Charging that the county violated state environmental law in approving a mining project they contend could contaminate Oxnard's water supply, attorneys set out Friday to block the operation.
Lawyers for the city of Oxnard and the Environmental Coalition of Ventura County launched arguments in a trial aimed at overturning the county's approval of the mining project, proposed for a gravel pit north of Oxnard.
The case, which was postponed until Tuesday, involves a proposal by CalMat Co. to excavate up to 6 million tons of rock from an El Rio gravel pit over the next 10 years.
At certain times of the year, the digging would go below the ground water table that supplies drinking water to residents on the Oxnard Plain.

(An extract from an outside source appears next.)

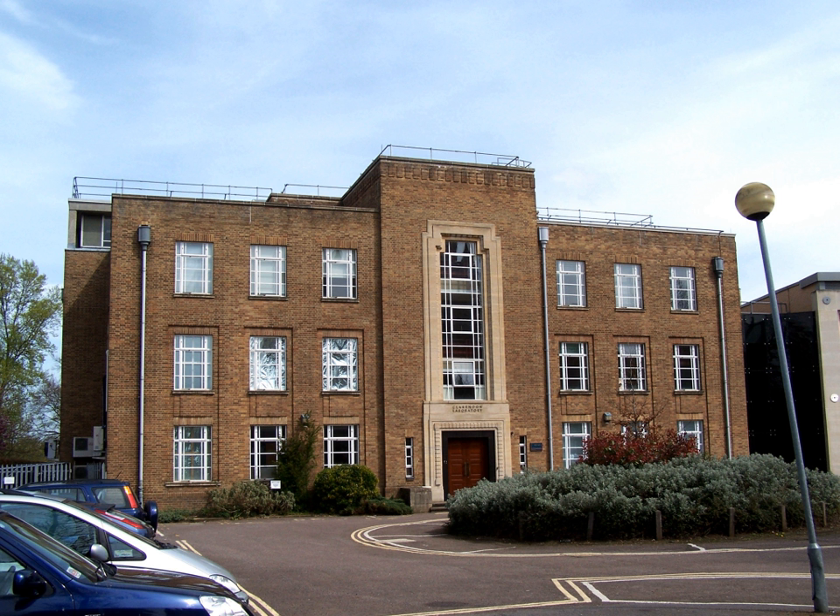The Clarendon is named after Edward Hyde, first Earl of Clarendon, whose trustees paid £10,000 for the building of the original laboratory, completed in 1872, making it the oldest purpose-built physics laboratory in England. The building was designed by Robert Bellamy Clifton. The brothers Fritz and Heinz London developed the London Equations when working there in 1935. In 2007, the laboratory was granted chemical landmark status, an award bestowed due to the work carried out by Henry Gwynne Jeffries Moseley in 1914.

Concerned that the water would be vulnerable to contamination, attorneys for the city of Oxnard and the Environmental Coalition have filed a lawsuit to overturn the Board of Supervisors' approval of the project.
The attorneys allege that Ventura County and the mining company did not follow guidelines set by the California Environmental Quality Act.
Project proponents argue that as long as workers follow proper mining practices, Oxnard's water supply will not be in danger. Additionally, they argue that the county is running out of its local supply of rock, which is ground into gravel and used as building material, and that importing gravel would drive up the cost of building projects.
An attorney representing CalMat and Ventura County said his clients complied with environmental regulations, noting that the project went through two years of review and public hearings.